_Problem to solve_: Copy out the data below from the line containing "Vitrina Pastelera Refrigerada" to the line containing "#BullsNation @bullsfr", both lines included, with all images left out.

(Information shown begins)

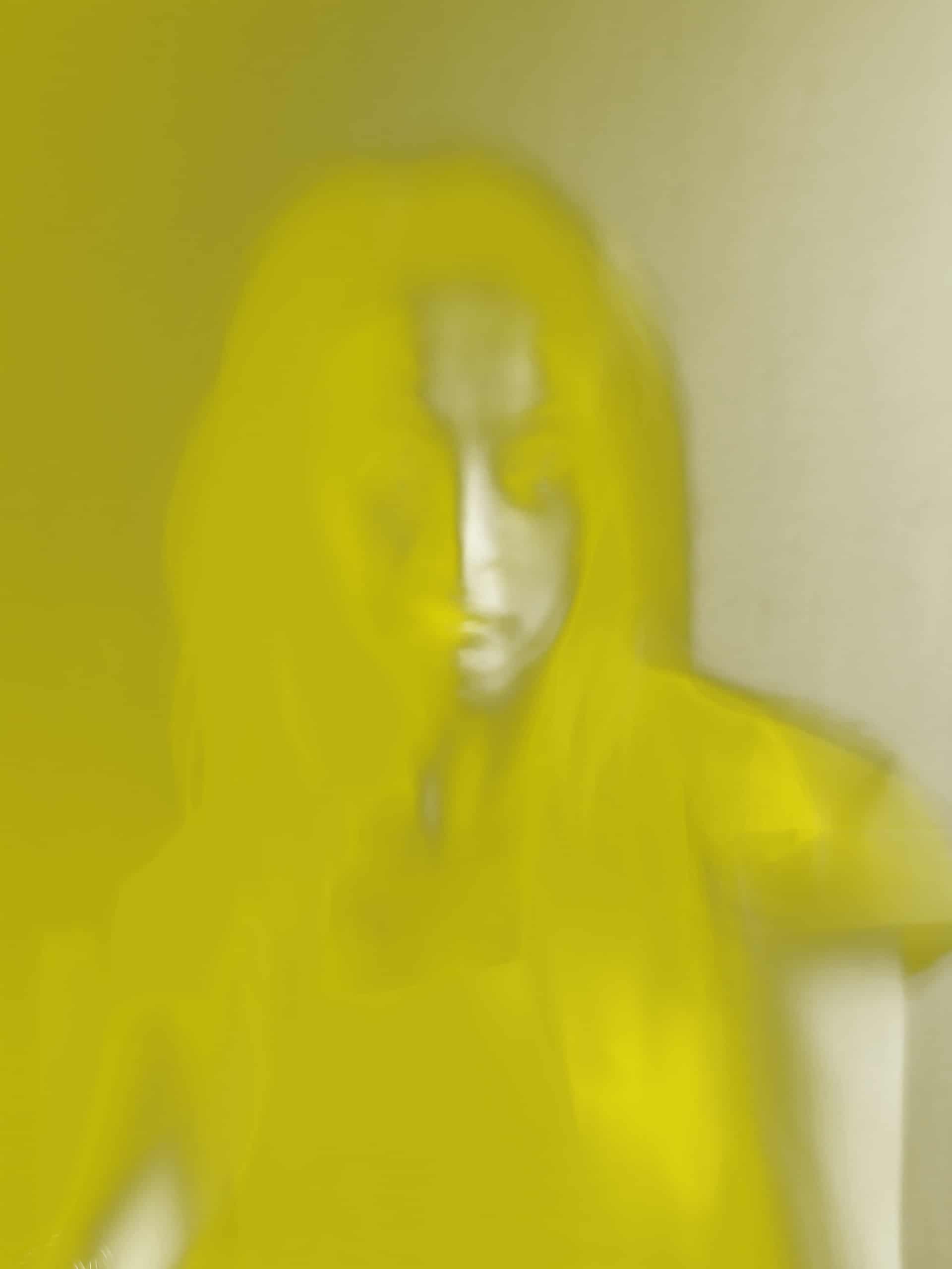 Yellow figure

(Information shown ends)
(Information shown begins)

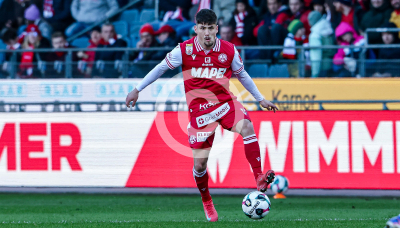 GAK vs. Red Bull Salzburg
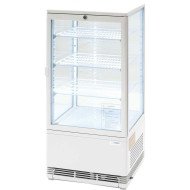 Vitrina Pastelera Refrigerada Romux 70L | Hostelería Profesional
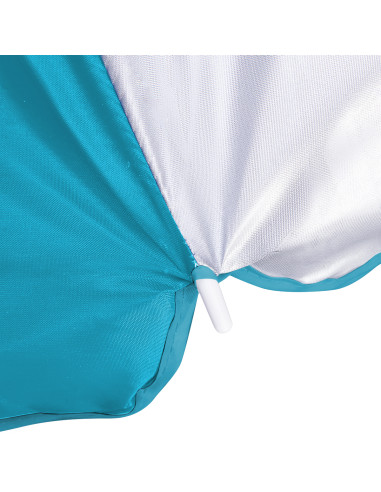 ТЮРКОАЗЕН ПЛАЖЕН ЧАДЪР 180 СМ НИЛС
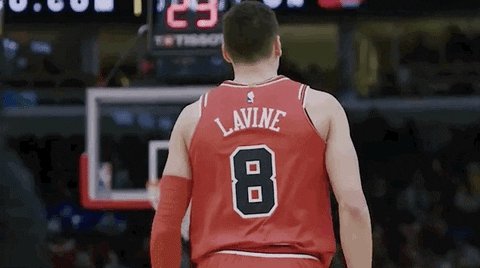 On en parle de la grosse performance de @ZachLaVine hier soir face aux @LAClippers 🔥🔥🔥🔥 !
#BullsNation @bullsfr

(Information shown ends)

_Answer space_:
 Vitrina Pastelera Refrigerada Romux 70L | Hostelería Profesional
 ТЮРКОАЗЕН ПЛАЖЕН ЧАДЪР 180 СМ НИЛС
 On en parle de la grosse performance de @ZachLaVine hier soir face aux @LAClippers 🔥🔥🔥🔥 !
#BullsNation @bullsfr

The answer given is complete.